Nonetheless, parties remain some of the most powerful organizations in contemporary society. Within contemporary political science, however, parties are typically studied in a somewhat constrained manner. Contrary to the way in which many organization scholars approach their study objects, political scientists interested in party organization usually stick to the ‘official stories’ provided by the parties themselves (Katz and Mair, 1992: 6). This means that the data available to political scientists rarely extends beyond authorized material such as organizational diagrams, legal statutes, financial statements, membership statistics, party manifestos, and rules for candidate selection (Scarrow et al., 2017). By sticking squarely to the official story, political scientists thus deprive themselves of the ability to study phenomena that are crucial to understanding the ‘inner life of the party’ (Barrling, 2013), as these phenomena often materialize ‘deliberately out of the public eye’ (Noel, 2010: 63).

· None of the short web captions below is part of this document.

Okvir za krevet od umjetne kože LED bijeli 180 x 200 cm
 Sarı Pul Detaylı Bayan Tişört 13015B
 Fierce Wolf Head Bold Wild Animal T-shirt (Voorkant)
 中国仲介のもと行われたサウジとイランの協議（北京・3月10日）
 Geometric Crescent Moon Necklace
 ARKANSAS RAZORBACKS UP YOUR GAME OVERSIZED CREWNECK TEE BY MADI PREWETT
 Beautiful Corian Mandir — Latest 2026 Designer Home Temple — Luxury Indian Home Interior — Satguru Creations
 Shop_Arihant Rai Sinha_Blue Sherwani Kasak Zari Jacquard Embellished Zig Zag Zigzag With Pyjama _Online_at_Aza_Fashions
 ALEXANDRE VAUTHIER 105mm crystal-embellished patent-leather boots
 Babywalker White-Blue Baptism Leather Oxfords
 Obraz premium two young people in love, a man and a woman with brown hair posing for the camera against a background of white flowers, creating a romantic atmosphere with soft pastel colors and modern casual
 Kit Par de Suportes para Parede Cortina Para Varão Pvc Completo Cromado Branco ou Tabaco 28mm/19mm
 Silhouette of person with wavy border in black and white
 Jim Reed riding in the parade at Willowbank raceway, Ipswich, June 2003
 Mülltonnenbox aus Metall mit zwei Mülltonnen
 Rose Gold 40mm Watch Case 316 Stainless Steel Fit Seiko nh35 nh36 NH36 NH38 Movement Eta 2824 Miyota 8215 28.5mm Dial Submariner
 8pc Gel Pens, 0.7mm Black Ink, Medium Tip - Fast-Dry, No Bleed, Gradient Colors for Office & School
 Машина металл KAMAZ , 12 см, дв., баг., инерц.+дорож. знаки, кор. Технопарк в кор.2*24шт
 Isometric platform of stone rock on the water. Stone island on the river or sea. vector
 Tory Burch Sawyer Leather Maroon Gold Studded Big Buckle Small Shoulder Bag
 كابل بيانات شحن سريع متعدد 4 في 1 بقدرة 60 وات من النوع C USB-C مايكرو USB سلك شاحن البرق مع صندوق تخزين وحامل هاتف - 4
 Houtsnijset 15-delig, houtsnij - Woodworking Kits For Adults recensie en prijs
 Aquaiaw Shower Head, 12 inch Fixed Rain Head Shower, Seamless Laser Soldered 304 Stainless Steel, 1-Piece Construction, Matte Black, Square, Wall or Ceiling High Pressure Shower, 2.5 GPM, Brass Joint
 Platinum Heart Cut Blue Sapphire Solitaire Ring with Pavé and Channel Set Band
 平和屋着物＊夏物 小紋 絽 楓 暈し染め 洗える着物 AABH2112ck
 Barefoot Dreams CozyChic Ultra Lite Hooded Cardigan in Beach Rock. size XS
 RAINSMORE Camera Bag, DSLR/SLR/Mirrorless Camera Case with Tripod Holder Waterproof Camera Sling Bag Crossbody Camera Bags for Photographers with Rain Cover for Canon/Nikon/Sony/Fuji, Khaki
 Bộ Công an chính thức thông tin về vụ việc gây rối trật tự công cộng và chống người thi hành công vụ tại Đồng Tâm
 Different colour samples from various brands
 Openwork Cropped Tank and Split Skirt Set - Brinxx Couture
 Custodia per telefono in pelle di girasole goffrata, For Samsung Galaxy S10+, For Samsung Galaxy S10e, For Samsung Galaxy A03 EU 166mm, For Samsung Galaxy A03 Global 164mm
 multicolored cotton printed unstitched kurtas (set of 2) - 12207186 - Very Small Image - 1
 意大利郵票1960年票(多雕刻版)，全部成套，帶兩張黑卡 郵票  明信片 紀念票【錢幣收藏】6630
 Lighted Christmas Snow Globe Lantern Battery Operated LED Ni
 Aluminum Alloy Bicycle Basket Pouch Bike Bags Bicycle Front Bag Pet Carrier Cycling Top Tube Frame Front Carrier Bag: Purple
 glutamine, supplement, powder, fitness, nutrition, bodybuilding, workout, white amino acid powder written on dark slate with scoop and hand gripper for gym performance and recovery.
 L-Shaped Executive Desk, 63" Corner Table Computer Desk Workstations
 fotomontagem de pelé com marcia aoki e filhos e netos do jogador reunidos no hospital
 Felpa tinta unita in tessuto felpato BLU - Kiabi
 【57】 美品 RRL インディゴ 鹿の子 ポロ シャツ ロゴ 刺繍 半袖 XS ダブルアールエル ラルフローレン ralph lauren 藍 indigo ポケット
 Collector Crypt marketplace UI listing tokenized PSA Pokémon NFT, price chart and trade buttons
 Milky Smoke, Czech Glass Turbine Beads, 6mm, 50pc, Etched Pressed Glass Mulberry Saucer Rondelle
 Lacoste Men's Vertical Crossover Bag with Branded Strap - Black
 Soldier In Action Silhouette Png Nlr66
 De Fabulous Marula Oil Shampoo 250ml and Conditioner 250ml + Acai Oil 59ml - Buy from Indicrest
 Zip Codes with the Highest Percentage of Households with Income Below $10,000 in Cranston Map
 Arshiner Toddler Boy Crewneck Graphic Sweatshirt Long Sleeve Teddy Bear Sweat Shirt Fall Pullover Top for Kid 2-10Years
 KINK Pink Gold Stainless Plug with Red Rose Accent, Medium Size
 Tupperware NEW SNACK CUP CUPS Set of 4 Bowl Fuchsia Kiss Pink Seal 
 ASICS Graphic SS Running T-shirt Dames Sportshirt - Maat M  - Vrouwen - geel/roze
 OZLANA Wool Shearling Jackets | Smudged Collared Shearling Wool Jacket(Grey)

All of this would be fine, of course, if only organization scholars would consider political parties worthy study objects. Unfortunately, this is not the case. Across the most prestigious and well-read journals in the field of organization and management studies, only a handful of articles address issues pertaining to political parties; and those that do often reproduce the approach found in political science by relying on the official story (Karthikeyan et al., 2015; Kenny and Scriver, 2012; Moufahim et al., 2015). Although these studies are clearly valuable in their own right, they fail to bring us closer to an understanding of the internal organization of parties. This omission is particularly striking, given the fact that a growing body of literature explores the inner life of many other types of
political organizations. Parties, however, remain almost entirely black-boxed.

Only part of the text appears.